How to report factor analysis

When reporting factor analysis, provide readers with enough information to make an informed opinion about what you’ve done.
Be clear about your criteria for extracting factors and the method of rotation used.
Provide a table of the rotated factor loadings of all items and flag values about a criterion level.
Report the percentage of variance that each factor explains and possibly the eigenvalue too.

Reliability analysis

Measures of reliability

If you’re using factor analysis to validate a questionnaire, it is useful to check the reliability of your scale.
Reliability: that a measure should consistently reflect the construct that it is measuring.

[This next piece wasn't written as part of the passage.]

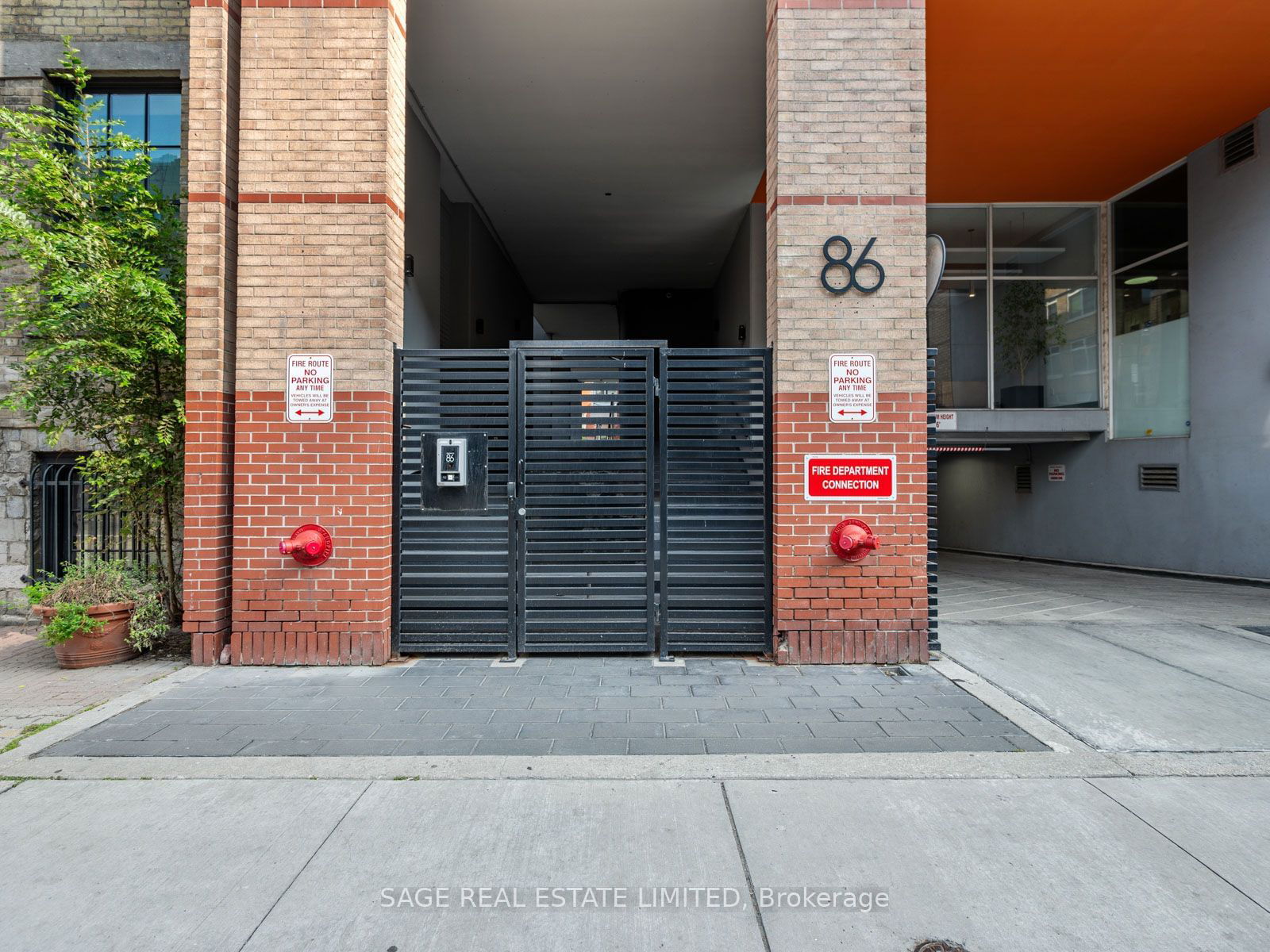 86 Gerrard St E, unit 4D for sale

  • the simplest way is to use split-half reliability.
    Splits the scale set into randomly selected sets of items. A score for each participant is calculated on each half of the scale. If a scale is reliable a person’s score on one half of the scale should be the same as their score on the other half.
    Across several participants, the scores from the two halves of the questionnaire should correlate very highly.

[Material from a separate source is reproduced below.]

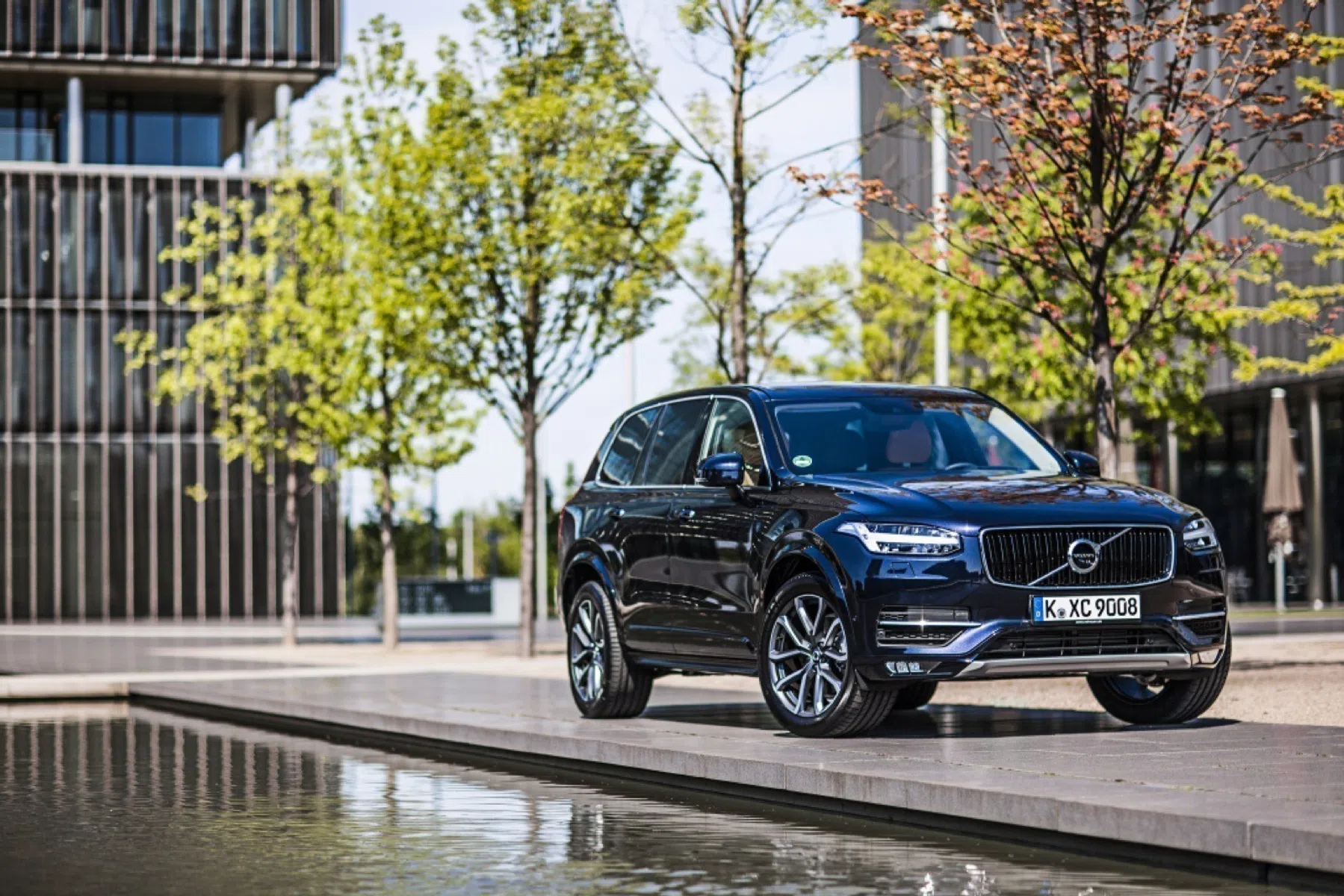 gigantische  SUV met zuinig motortje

Cronbach’s alpha, α: a measure that is loosely equivalent to creating two sets of items in every way possible and computing the correlation coefficient for each split. The average of these values.

Α = (N2 * mean(cov))/ (Σs2item+Σcovitem)

For each item in our scale we cal calculate two things.

  • the variance within that item
  • the covariance between a particular item and any other item on the scale.

We can construct a variance-covariance matrix of all items.
The top half of the equation is the number of items (N) squared multiplied by the average covariance between items.
The bottom half is the sum of all the item variances and item covariances.

Interpreting Cronbach’s α: some cautionary tales

The value of α depends on the number of items on the scale.
Alpha should not be used as a measure for unidimensionality (the extent to which the scale measures one underlying factor or construct).
Reverse items will affect α.

Reliability

  • Reliability analysis is used to measure the consistency of a measure
  • Remember to reverse-score any items that were reverse-phrased on the original questionnaire before you run reliability analysis
  • Run separate reliability analyses for all subscales of your questionnaire
  • Cronbach’s α indicates the overall reliability of a questionnaire, and values around 0,8 are good (or 0,7 for ability tests and the like)
  • The ‘Cronbach’s Alpha if Item Deleted’ column tells you whether removing an item will improve the overall reliability: values greater than the overall reliability indicate that removing that item will improve the overall reliability of the scale. Look for items that dramatically increase the value of α and remove them.
  • If you remove items, rerun the factor analysis to check that the factor structure still holds.

How to report reliability analysis

Report the reliabilities in the text using the symbol α.